Your task -
The answer is the line with "Giraffe Birthday Number" and every line after it to the end of the listing, retyped exactly. Pictures do not belong in it.

Material provided -
======

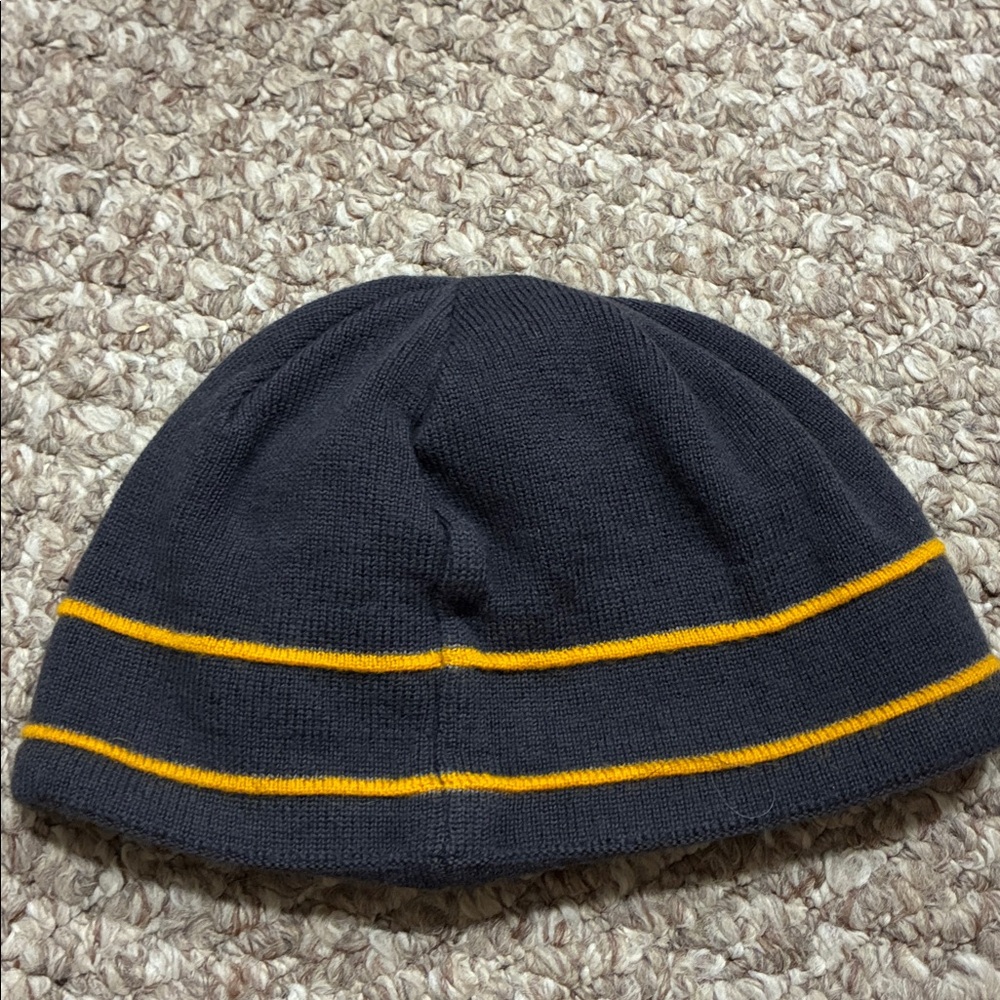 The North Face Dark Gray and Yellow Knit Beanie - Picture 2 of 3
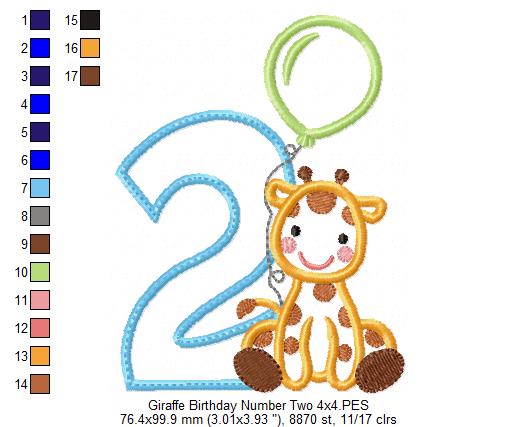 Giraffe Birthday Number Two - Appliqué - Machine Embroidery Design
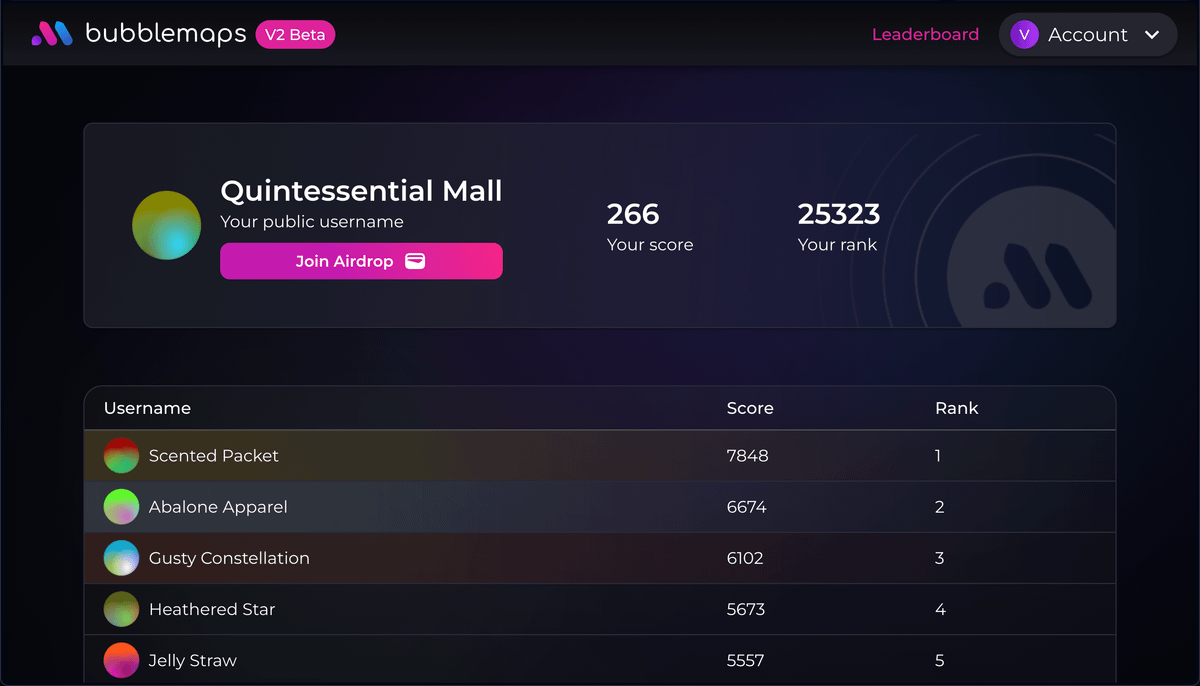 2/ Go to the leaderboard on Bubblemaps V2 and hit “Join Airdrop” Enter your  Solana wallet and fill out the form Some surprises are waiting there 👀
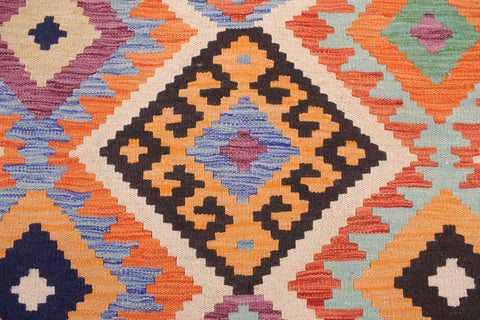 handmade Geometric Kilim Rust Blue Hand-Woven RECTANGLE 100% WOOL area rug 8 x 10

======

Output below -
 Giraffe Birthday Number Two - Appliqué - Machine Embroidery Design
 2/ Go to the leaderboard on Bubblemaps V2 and hit “Join Airdrop” Enter your  Solana wallet and fill out the form Some surprises are waiting there 👀
 handmade Geometric Kilim Rust Blue Hand-Woven RECTANGLE 100% WOOL area rug 8 x 10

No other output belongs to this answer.